Data records →
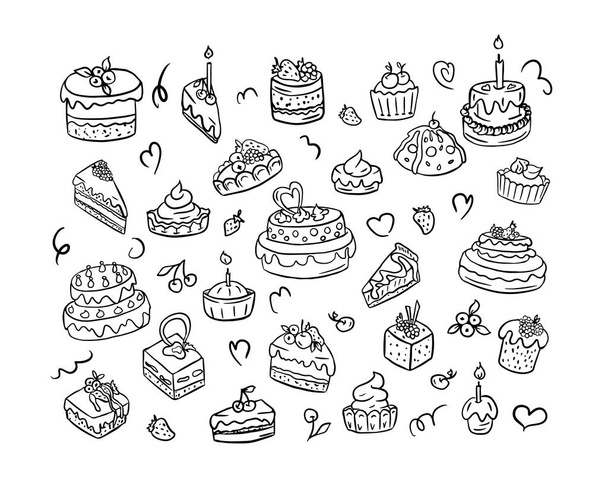 A large set of desserts, cakes, pies and pastries drawn in doodle.Vector illustration.Desserts for coffeeshope and cafe hand drawn. - Vetor, Imagem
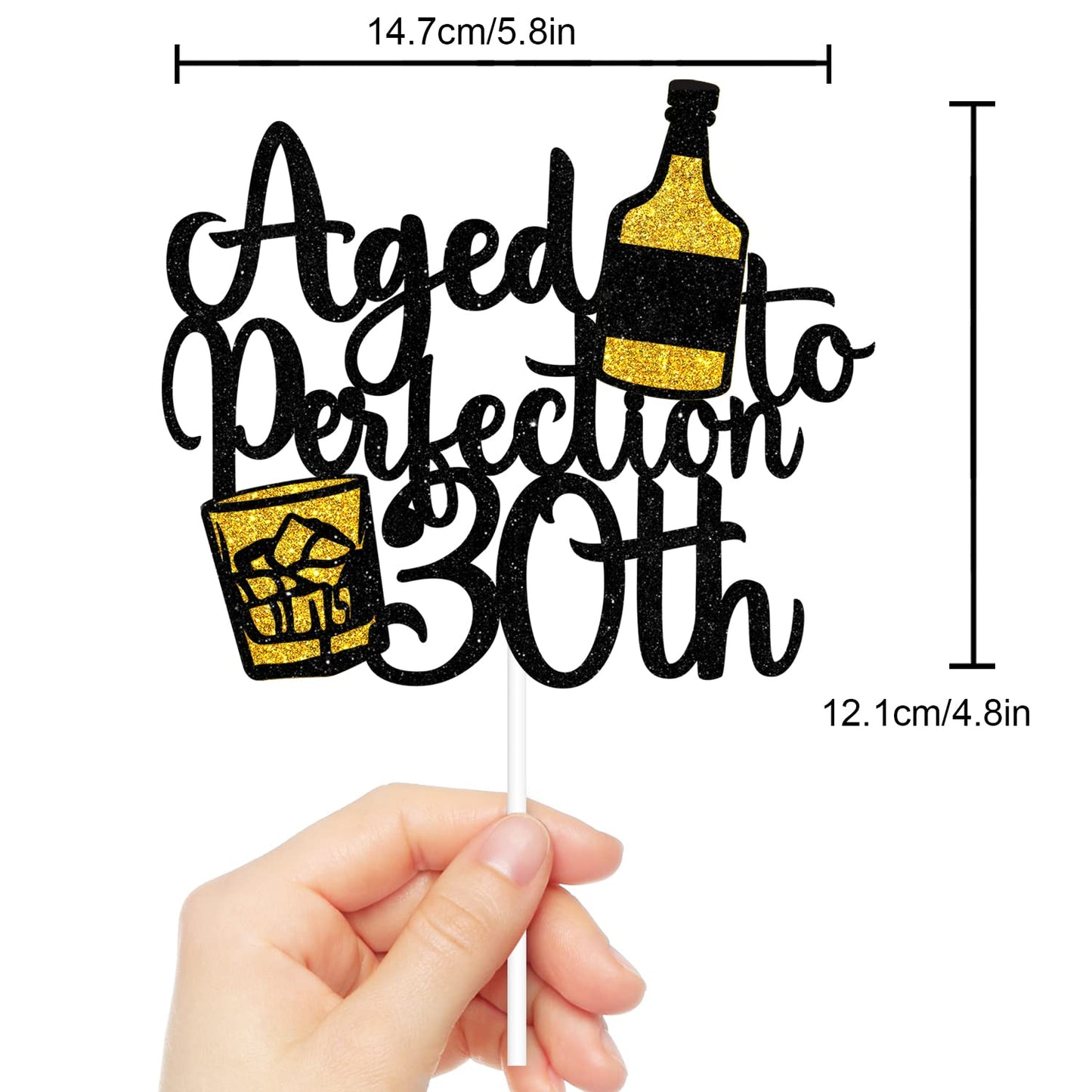 LHCING Aged To Perfection 30th Birthday Cake Topper - Black Gold Glitter Paper Decoration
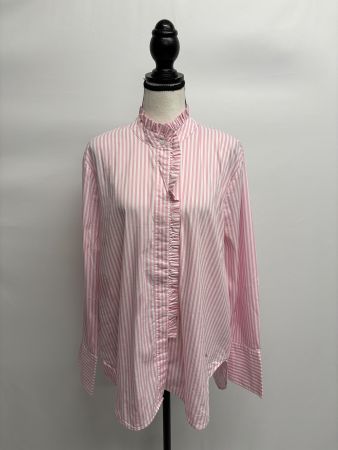 Brax Gestreifte Bluse, Rüschenkragen Gr. 40 rosa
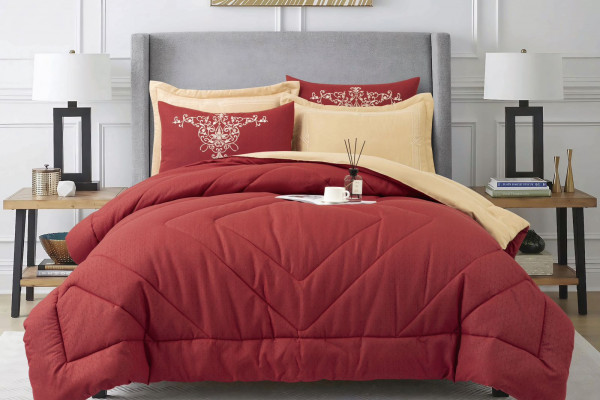 Soft & Cozy 6-Piece Bedding Set with Comforter, Fitted Sheet & Pillow Covers (230x250 cm)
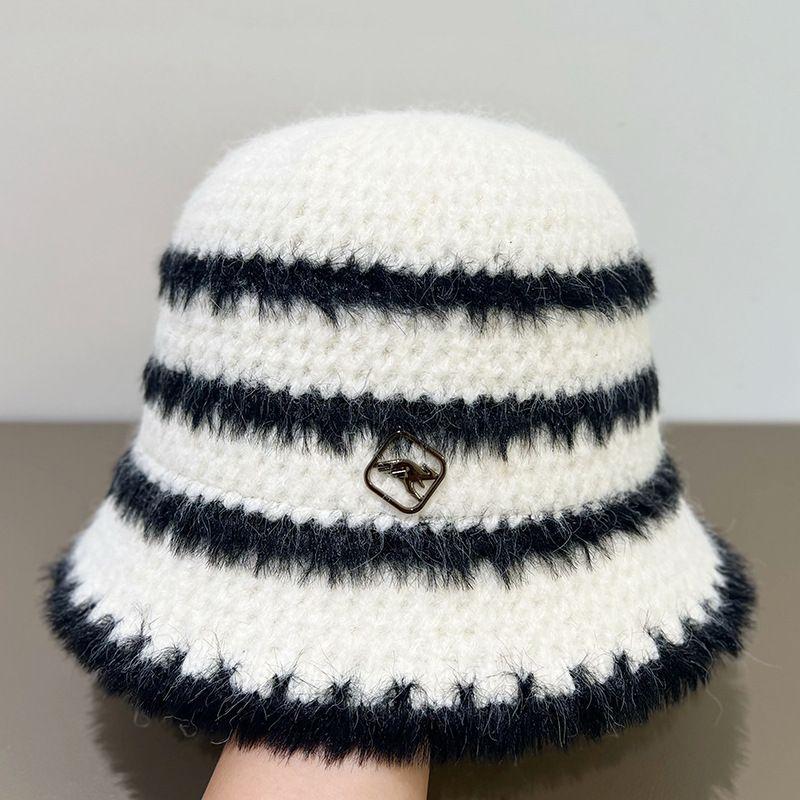 Plush Knitted Striped Bucket Hat Women's Autumn and Winter Wool Bucket Hat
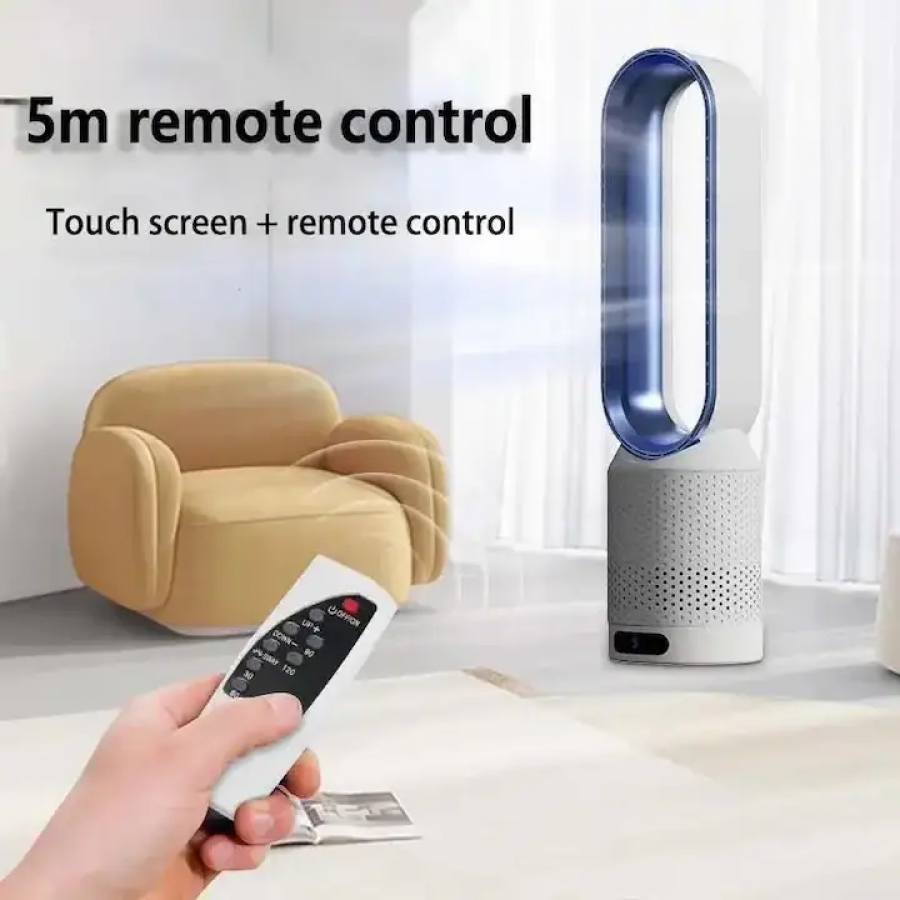 Ventilator electric, 8 trepte, paleta rotativa, cu telecomanda, albastru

Work required → Beginning at the line that contains "LHCING Aged To", give the remaining lines of the records again exactly, through the last one. Leave out pictures.

Your response →
 LHCING Aged To Perfection 30th Birthday Cake Topper - Black Gold Glitter Paper Decoration
 Brax Gestreifte Bluse, Rüschenkragen Gr. 40 rosa
 Soft & Cozy 6-Piece Bedding Set with Comforter, Fitted Sheet & Pillow Covers (230x250 cm)
 Plush Knitted Striped Bucket Hat Women's Autumn and Winter Wool Bucket Hat
 Ventilator electric, 8 trepte, paleta rotativa, cu telecomanda, albastru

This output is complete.